What to do>
Output the full listing below exactly; the images stay out.

- - - - -

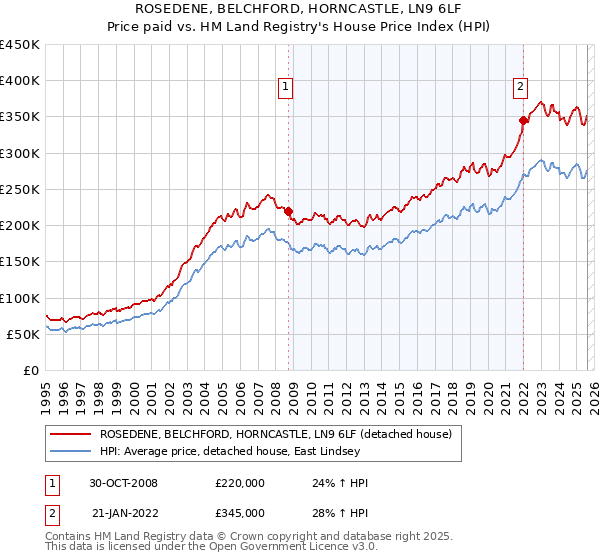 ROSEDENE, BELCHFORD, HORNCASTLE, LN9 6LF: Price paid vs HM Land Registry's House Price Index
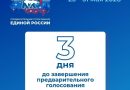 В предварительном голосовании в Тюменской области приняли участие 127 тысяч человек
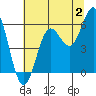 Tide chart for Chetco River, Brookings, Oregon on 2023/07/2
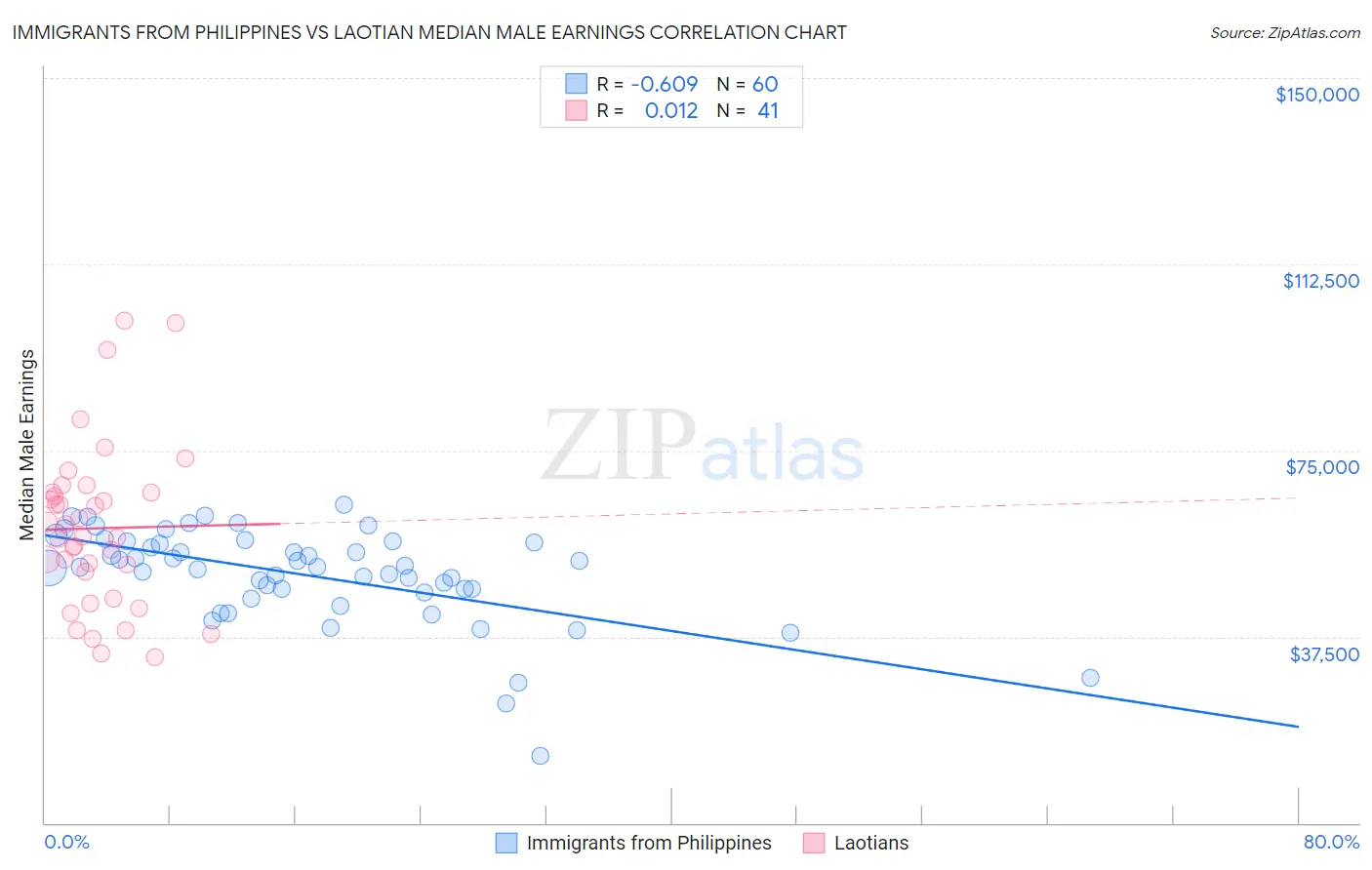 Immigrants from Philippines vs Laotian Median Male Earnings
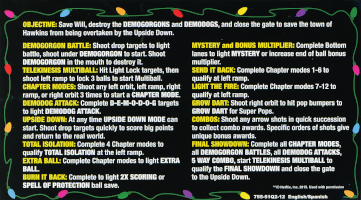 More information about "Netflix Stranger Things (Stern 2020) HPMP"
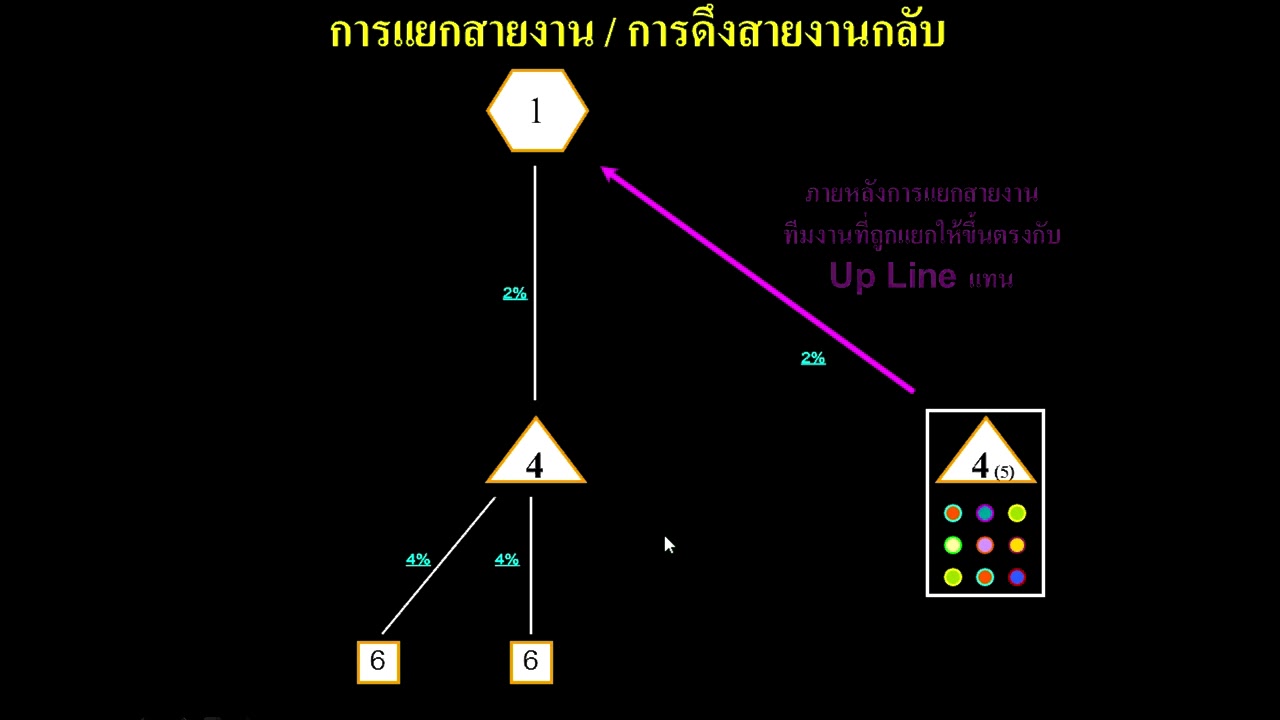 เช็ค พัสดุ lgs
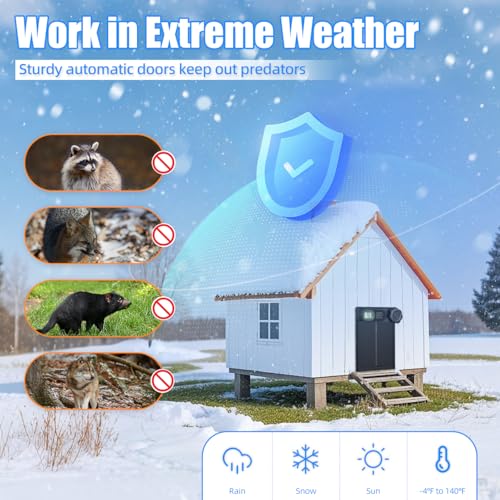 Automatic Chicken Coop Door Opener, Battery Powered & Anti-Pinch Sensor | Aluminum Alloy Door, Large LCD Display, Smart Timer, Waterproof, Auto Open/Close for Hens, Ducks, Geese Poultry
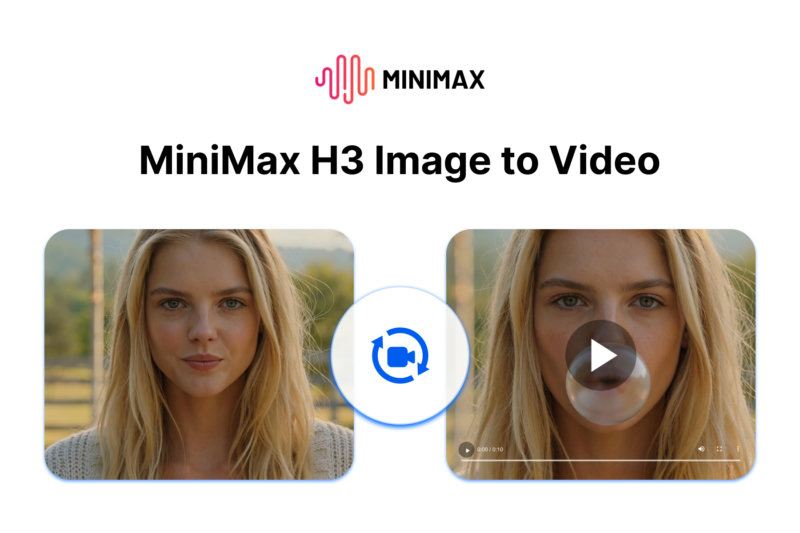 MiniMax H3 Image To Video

- - - - -

Response>
 ROSEDENE, BELCHFORD, HORNCASTLE, LN9 6LF: Price paid vs HM Land Registry's House Price Index
 В предварительном голосовании в Тюменской области приняли участие 127 тысяч человек
 Tide chart for Chetco River, Brookings, Oregon on 2023/07/2
 Immigrants from Philippines vs Laotian Median Male Earnings
 More information about "Netflix Stranger Things (Stern 2020) HPMP"
 เช็ค พัสดุ lgs
 Automatic Chicken Coop Door Opener, Battery Powered & Anti-Pinch Sensor | Aluminum Alloy Door, Large LCD Display, Smart Timer, Waterproof, Auto Open/Close for Hens, Ducks, Geese Poultry
 MiniMax H3 Image To Video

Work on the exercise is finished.